Set down exactly the lines from the first line of the records through the line that contains "Hostal Pensiunea Denisa", and leave every picture out.

Scraped caption text data
┌──

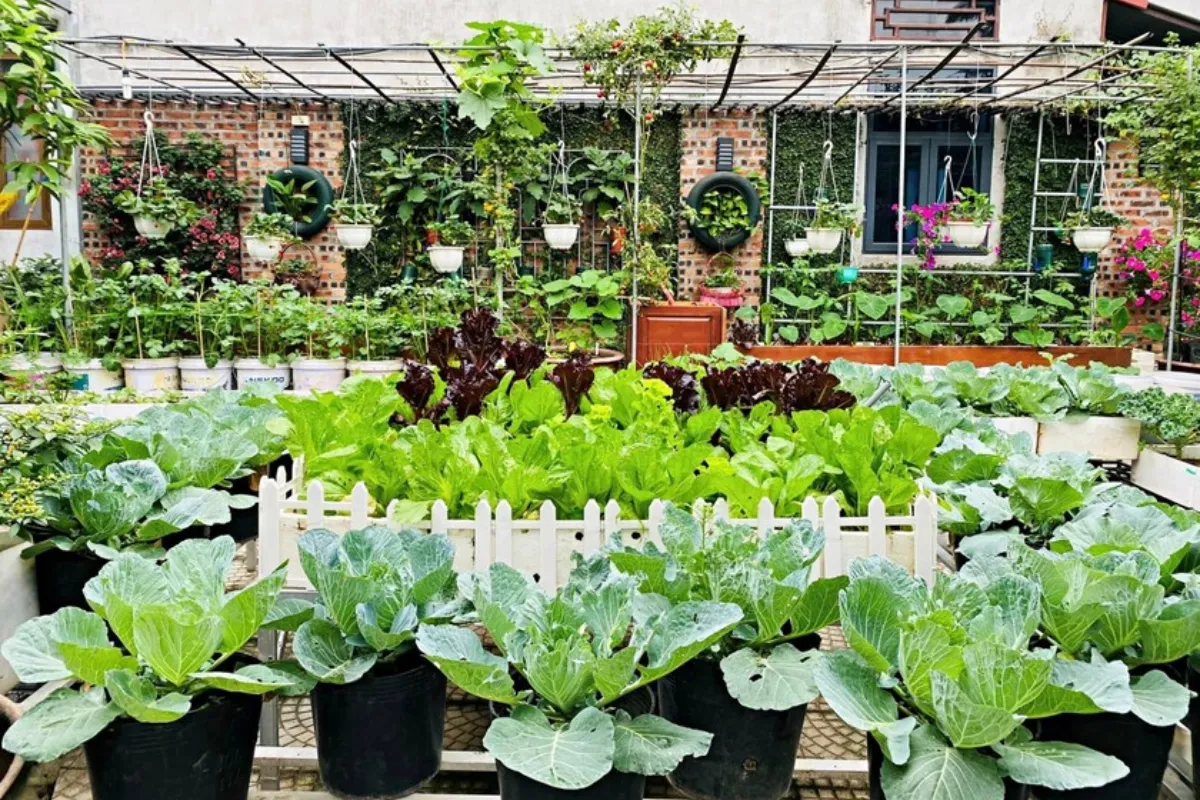 Vườn rau sạch không chỉ cung cấp nguồn thực phẩm sạch cho gia đình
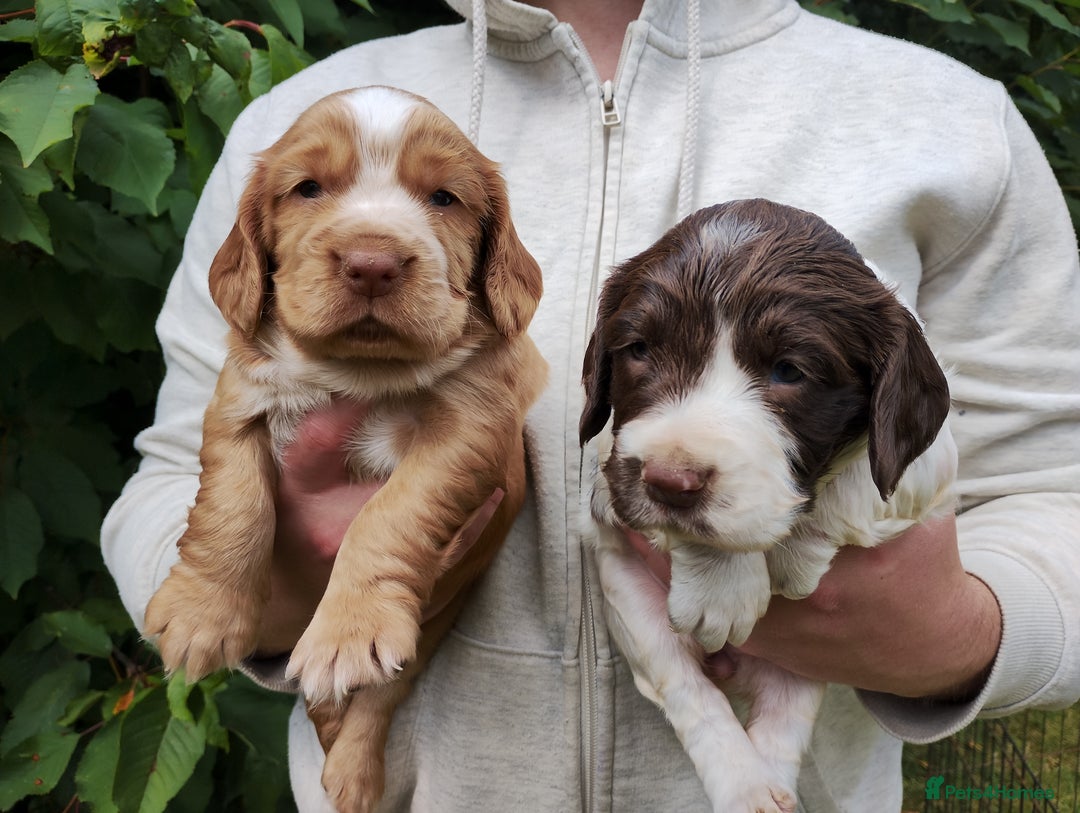 Cocker Spaniel dogs for sale: Cocker Spaniel Puppies - Image 4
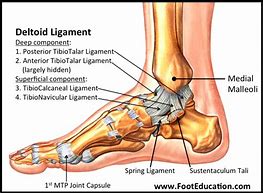 Image result for Side of the Foot Anatomy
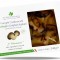 Ciuperci BIO la gratar, selectie CARDONCELLI Agrimperiale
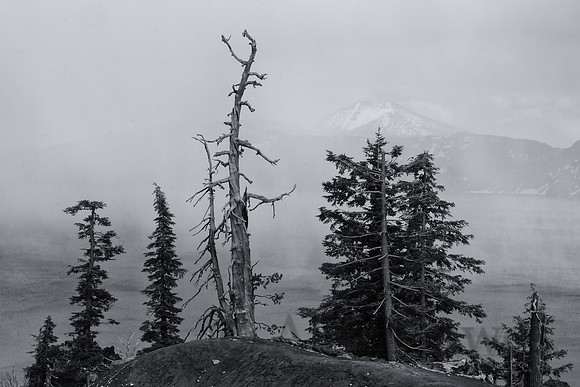 Crater Lake National Park, Oregon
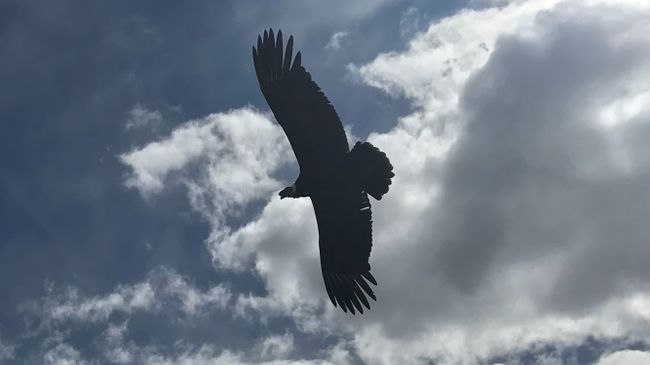 ColcaCanyon!!! Ein Traum ging in Erfüllung!1mal einen Condor in freier Wildbahn beobachten über dem über 2350m tiefer liegenden ColcaRiver! Diese Vögel sind einfach riesig🙈😎🦅🦅🦅🦅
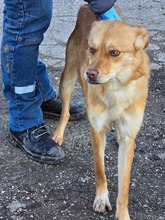 ZIRA, Hund, Mischlingshund in Bulgarien - Bild 18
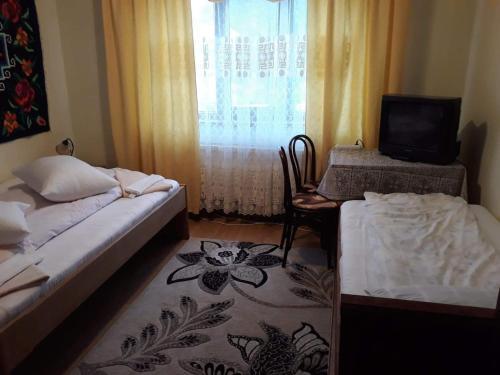 Hostal Pensiunea Denisa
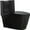 Matte Black, variant on 1.1/1.60 GPF Dual-Flush One Piece Toilet, Water-Saving Elongated Comfort Height Floor Mounted, Soft Close Seat,Matte Black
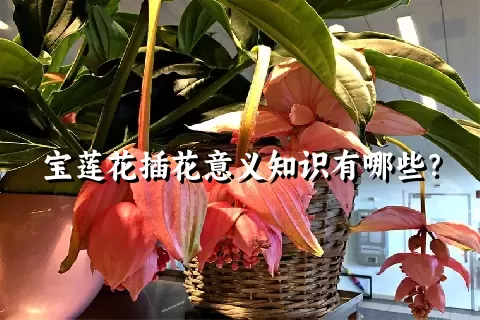 宝莲花插花意义知识有哪些？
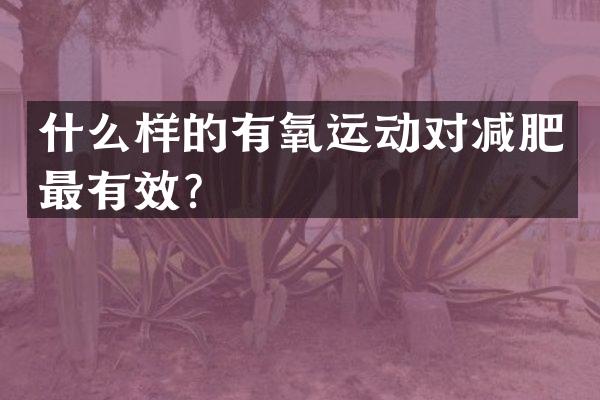 什么样的有氧运动对减肥最有效？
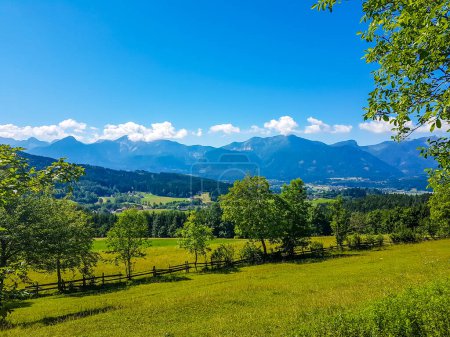 Photo for A panoramic view on an alpine landscape of Austria. Lush green meadow spreads on a vast surface. There are high Alps in the back. Few trees on the side, forming a small forest. Idyllic landscape. - Royalty Free Image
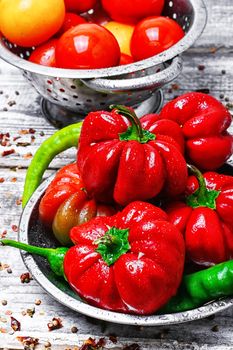 Fresh peppers and bell peppers from summer harvest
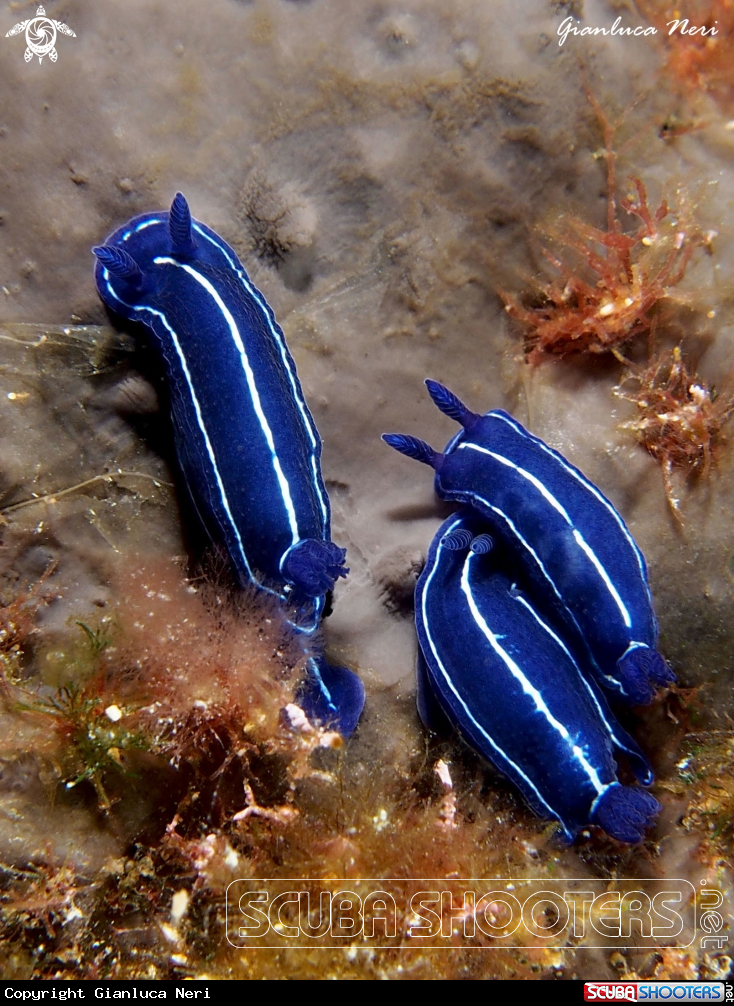 A Nudibranch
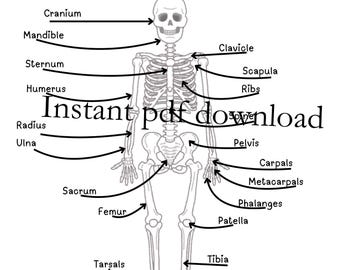Skeleton Halloween Bone Anatomy Activity - Etsy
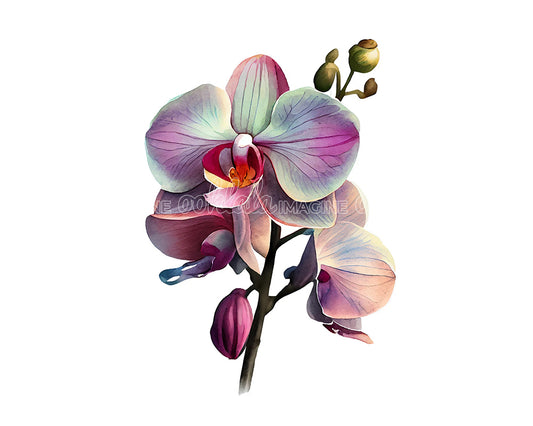 Orchid Flower Digital Watercolor Clipart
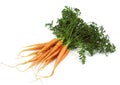 CARROTS daucus carota AGAINST WHITE BACKGROUND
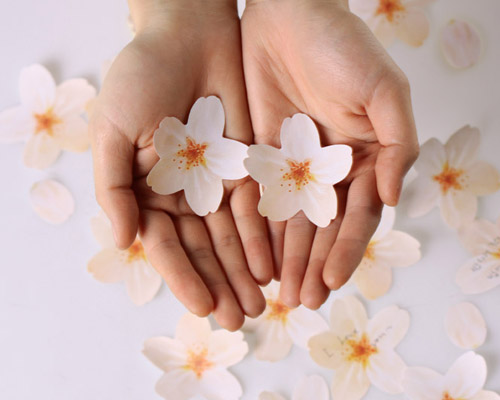 designboom shop: cherry blossom memo stickers by appree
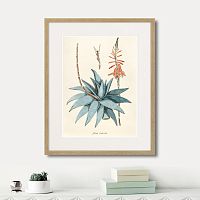 картина: fragmenta botanica №7, 1809г. в Ставрополе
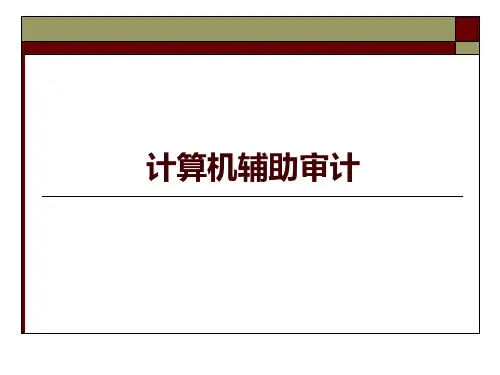 计算机辅助审计PPT课件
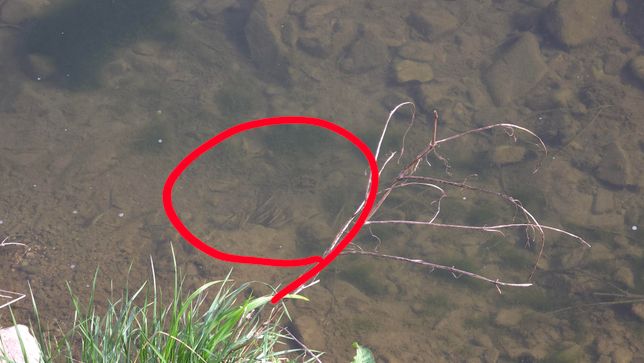 개울가에서 물고기를 봤는데, 이 물고기 이름을 알 수 있을까요?의 0번 째 이미지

└──

[RESULT FOR THIS TASK]
 Vườn rau sạch không chỉ cung cấp nguồn thực phẩm sạch cho gia đình
 Cocker Spaniel dogs for sale: Cocker Spaniel Puppies - Image 4
 Image result for Side of the Foot Anatomy
 Ciuperci BIO la gratar, selectie CARDONCELLI Agrimperiale
 Crater Lake National Park, Oregon
 ColcaCanyon!!! Ein Traum ging in Erfüllung!1mal einen Condor in freier Wildbahn beobachten über dem über 2350m tiefer liegenden ColcaRiver! Diese Vögel sind einfach riesig🙈😎🦅🦅🦅🦅
 ZIRA, Hund, Mischlingshund in Bulgarien - Bild 18
 Hostal Pensiunea Denisa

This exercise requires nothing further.